Exercise input ::
═══
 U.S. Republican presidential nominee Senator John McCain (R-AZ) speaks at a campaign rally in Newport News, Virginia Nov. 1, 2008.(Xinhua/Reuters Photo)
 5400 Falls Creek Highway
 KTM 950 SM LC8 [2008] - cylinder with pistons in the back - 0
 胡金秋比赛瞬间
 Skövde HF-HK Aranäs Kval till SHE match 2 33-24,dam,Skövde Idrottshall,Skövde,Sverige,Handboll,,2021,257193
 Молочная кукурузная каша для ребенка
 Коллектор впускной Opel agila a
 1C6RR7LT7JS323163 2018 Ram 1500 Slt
═══
Your answer must be the lines from the one that contains "KTM 950 SM LC8" through the last line of the entries above, copied exactly, with no other lines.

Answer box ::
 KTM 950 SM LC8 [2008] - cylinder with pistons in the back - 0
 胡金秋比赛瞬间
 Skövde HF-HK Aranäs Kval till SHE match 2 33-24,dam,Skövde Idrottshall,Skövde,Sverige,Handboll,,2021,257193
 Молочная кукурузная каша для ребенка
 Коллектор впускной Opel agila a
 1C6RR7LT7JS323163 2018 Ram 1500 Slt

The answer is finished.